1997 Suburban 6.5td (is Jim still policing the use of TD?) with front and rear AC. Front AC quits cooling after a couple of hours, rear AC stays cool. Front AC cools again after an hour with the engine off. Front AC has an orifice tube, rear AC has an expansion valve. No coolant flow through front heater core, front AC vent temps on the best day are such that I don't believe there's ice on the evaporator, no evaporator case drain problems, no airflow or distribution problems

I studied the relevant shop manual which shows the refrigerant circuit for front AC only (trucks) and words to describe how the Suburban with rear AC is different. Neither diagram nor words describe why, if I can trust my eyes, the rear evaporator discharge flows directly into the compressor while the front evaporator discharge goes through an accumulator. Rear AC uses an expansion valve while front AC uses an orifice tube. Does this have something to do with it?

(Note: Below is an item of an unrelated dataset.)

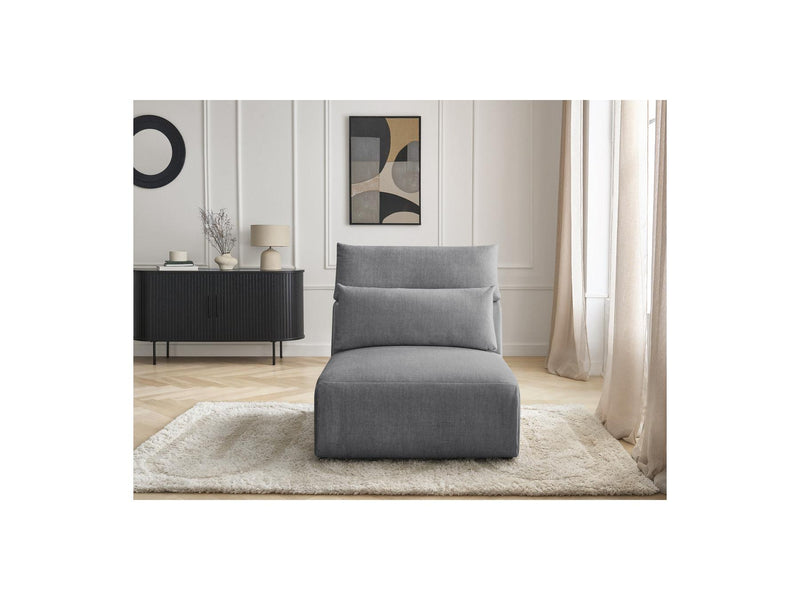 Jana - Chauffeuse 1 Place Avec Têtière Pour Canapé Modulable - Tissu Velours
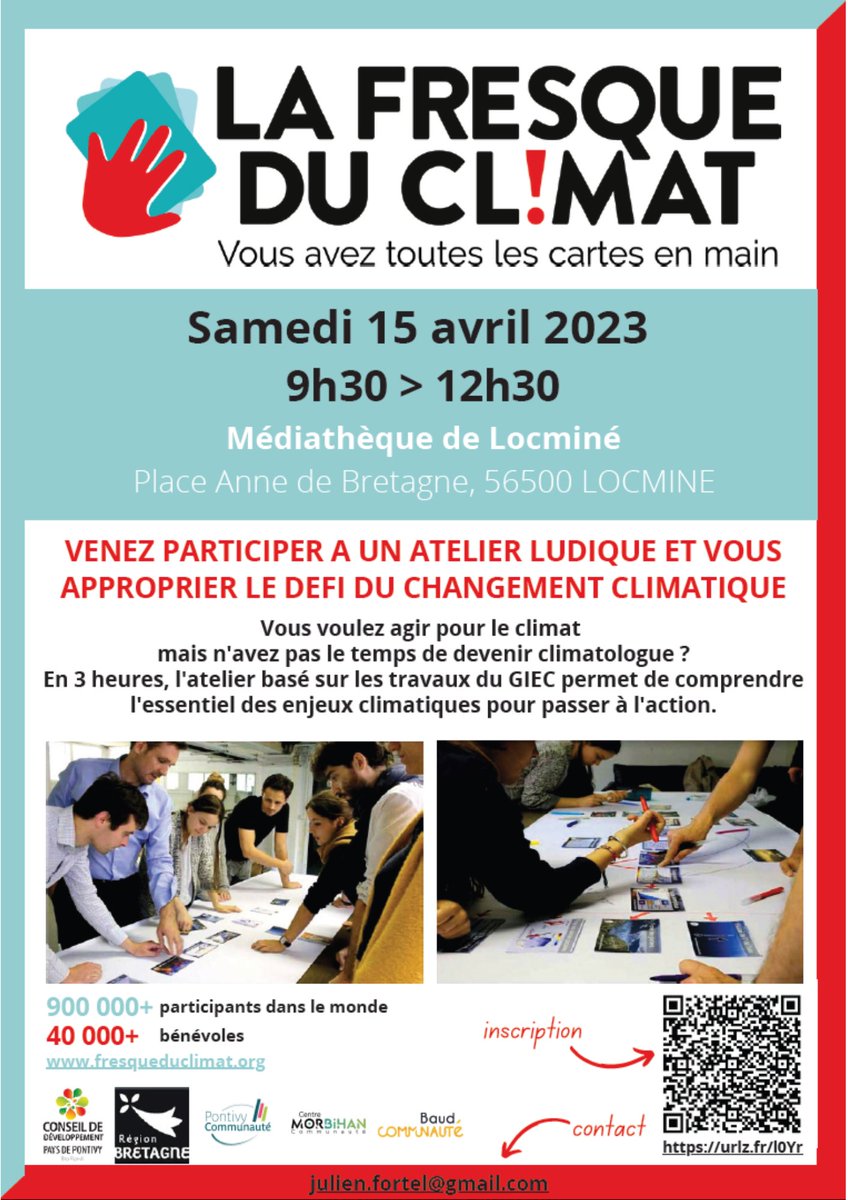 Envie de comprendre l'essentiel des enjeux du changement climatique pour passer à l'action ? 

Venez participer à l'atelier Fresque du Climat à la Médiathèque de Locminé le samedi 15 avril prochain de 9h30 à 12h30.

Inscription : association.climatefresk.org/training_sessi…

I have to remember the next time it stops cooling to check if the front evaporator discharge line is cold. I've seen it sweaty but never iced - how can it ice so close to the turbo? I suppose I can check the front evaporator line downstream of the orifice tube but it's tucked under the turbo and I don't have an infrared thermometer.

Possible scenarios:

1) Debris accumulates in the orifice tube after several hours of AC use. The debris slowly settles back in the condenser when the compressor isn't engaged.

2) The compressor low side port, rear AC evaporator discharge or accumulator is at a higher pressure than the front evaporator discharge confounding flow through the front evaporator.

Are these scenarios plausible? What other possibilities are there?